Jordan Tigani (12:23.438)
So I think there's actually two sides of the question. What did we ask and what can we ask? Some of the early founders and I, we were really immersed in the...

in the business and then sort of the market. And, know, I'd been product manager for BigQuery and head of product and engineering for single store. like, and kind of really like had a lot of like comparative knowledge. This is what works. This is what people are asking for. Had talked to lots and lots of customers.
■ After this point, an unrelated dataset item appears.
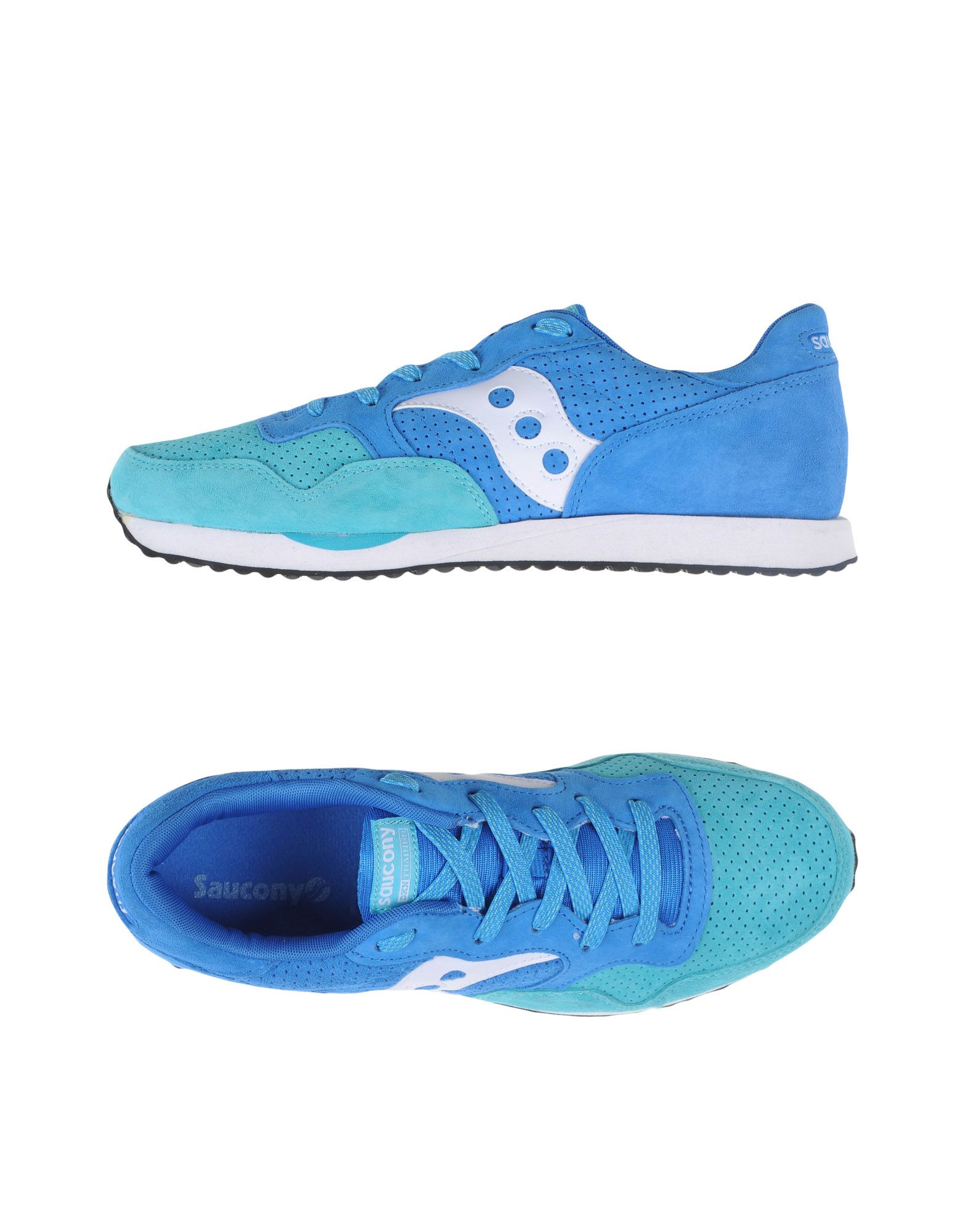 Saucony Dxn Triner "Bermuda Pack" Lmt Ed. Gutes Preis-Leistungs-Verhältnis, es lohnt sich Saucony Dxn Triner "Bermuda Pack" es Lmt Ed. Gutes Preis-Leistungs-Verhältnis, es Pack" lohnt sich 28e135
so I think one of the things, you know, the, the first thesis that we needed to validate was like, you know, is this whole big data thing, important? Like, do you have big data? Who's got big, who's got big data? And so that, like, that was,

Like as we believe that if people don't have big data, then something smaller would be something that worked and was targeted at kind of the size of data that people had and could open up new opportunities for that data where it was going to be useful.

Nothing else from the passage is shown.